- **EXERCISE**: Write the listing out again word for word, excluding any pictures.

- **EXERCISE DATA**:
----------
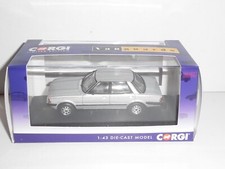 CORGI / VANGUARDS VA15001 FORD CORTINA MK5  CRUSADER 1600 in SILVER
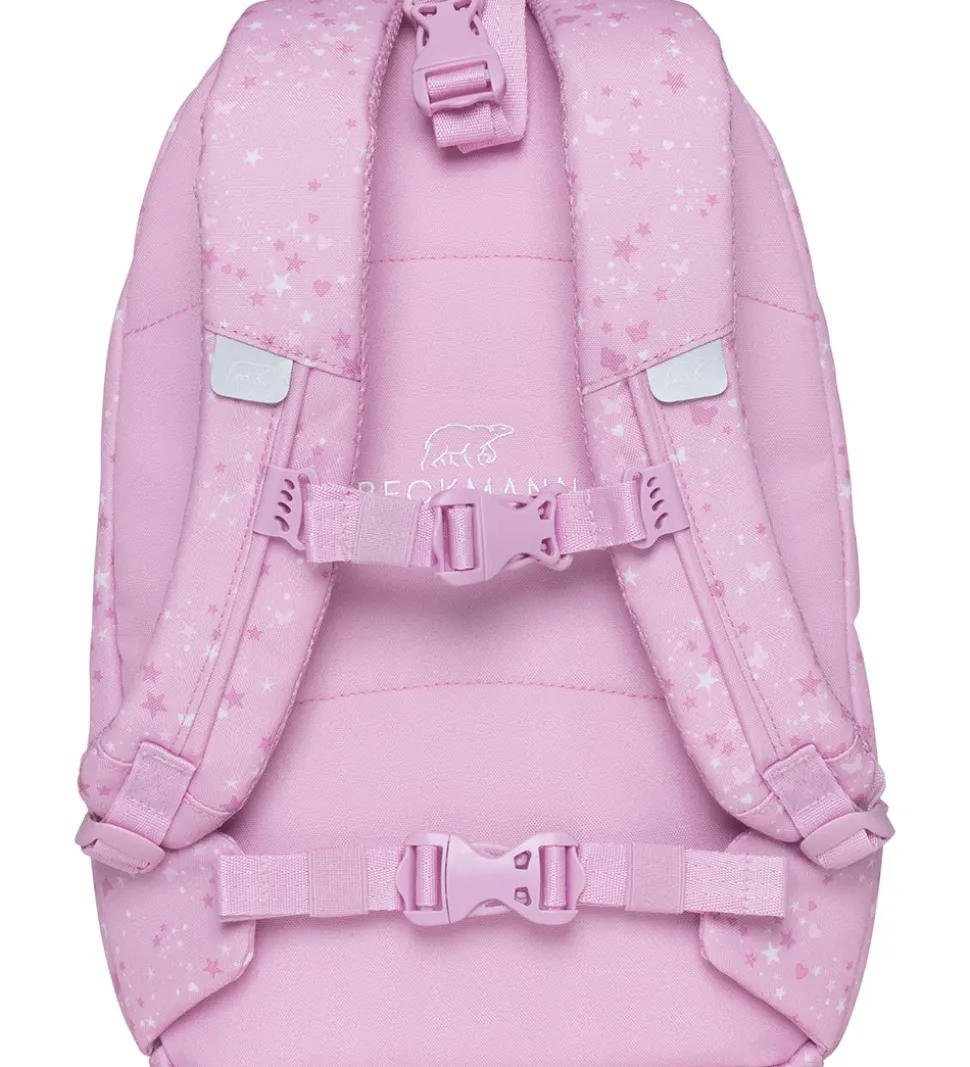Beckmann Gymnastiktaske - Rosie - Pink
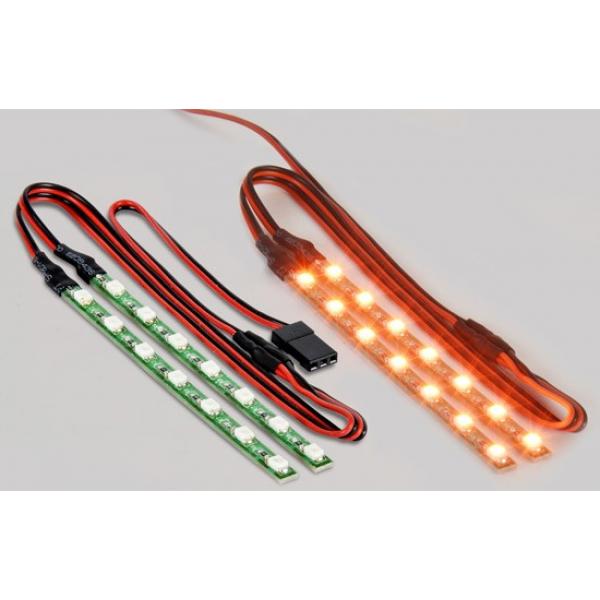 Kit Led stick orange Carson 1/10 - T2M-C500906233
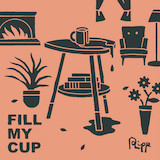 Andrew Ripp 'Fill My Cup' Piano, Vocal & Guitar Chords (Right-Hand Melody)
----------
- **ANSWER TO THIS EXERCISE**:
 CORGI / VANGUARDS VA15001 FORD CORTINA MK5  CRUSADER 1600 in SILVER
Beckmann Gymnastiktaske - Rosie - Pink
 Kit Led stick orange Carson 1/10 - T2M-C500906233
 Andrew Ripp 'Fill My Cup' Piano, Vocal & Guitar Chords (Right-Hand Melody)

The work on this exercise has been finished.